But yet, if we look at the results of the experiment above, Barrie's tasting notes for what the water brings out in the whisky are pretty similar to the generic tasting notes for whiskies from those regions:
Tasting Notes for Regional Whiskies, from a story I wrote for Imbibe Magazine a few years ago
Rachel Barrie's Water- Her Tasting Notes
Highland Whisky: these whiskies tend to yield a light smoke/peat element and flavors ranging from heathery and spicy to fruity
The mineral-rich water unlocked additional layers of floral, herbal and peaty notes on the nose, and provided a more intense and intriguing textural experience (chalky minerality) on the tongue.
The soft water brought out more of the sweet honeyed and citrus fruit notes, and delivered a softer, sweeter and smooth rounded taste experience.
Islay Whisky: pungent with peat smoke, iodine, and brine flavors
The acidic water brought out more peppery peat, iodine and brine with unripe fruits and cereal notes.
Isn't that awesome? Turns out there just might be something to all that bourbon-and-branch stuff after all.

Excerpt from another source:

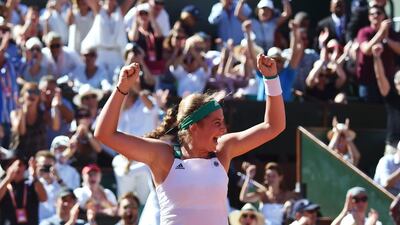 Latvia's Jelena Ostapenko celebrates after winning her French Open final against Romania's Simona Halep at Roland Garros on Saturday. Francois Xavier Marit / AFP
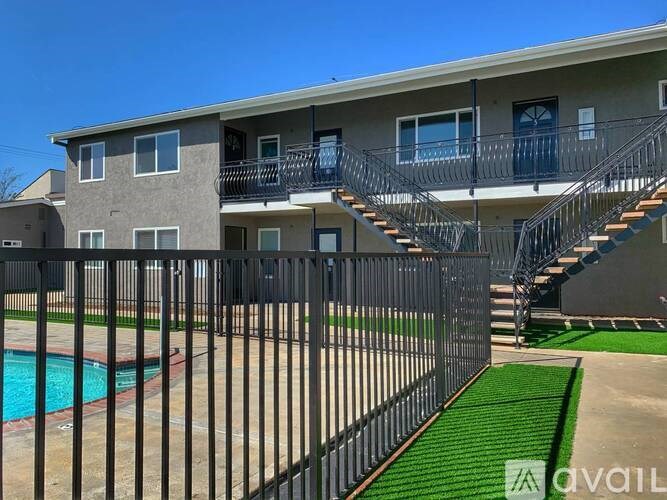 A multi-story apartment building with a pool and a black fence.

Note that Barrie wasn't trying to gauge the "best" water to pair with Bowmore. She writes, "Which water and Bowmore combination you will prefer is all down to personal taste. If you prefer a sweeter honeyed taste, adding soft water may be preferred. However, if you prefer the drier/briney tastes in Bowmore, a slightly acidic water (such as the water sourced locally on Islay) may be preferred." Read Rachel Barrie's full experiment and thorough tasting notes here.
This experiment deserves more testing. Here are some projects you and I might try to validate this experiment and take it further:
Survey the scotch whisky producers for more information on their waters. As I wrote previously, even distilleries close to each other may have very different water sources.
Try whisky from each region paired with water from each region. In my experiment, I tried both Highland and Islay whisky and found the waters brought out the same notes in each, but it's worth trying all three of these regions.
Try this with waters from the Lowlands of Scotland, and Kentucky and Japan with those whiskies.
Find commercially-available bottled water that has the same or similar properties to the waters from each of these regions. (I'll get on this one right away.) If I can't find them, I may need to make them myself with what I've learned about creatingmineralwater.
Then repeat this experiment with those waters to see if it still works.
So, yeah, awesome!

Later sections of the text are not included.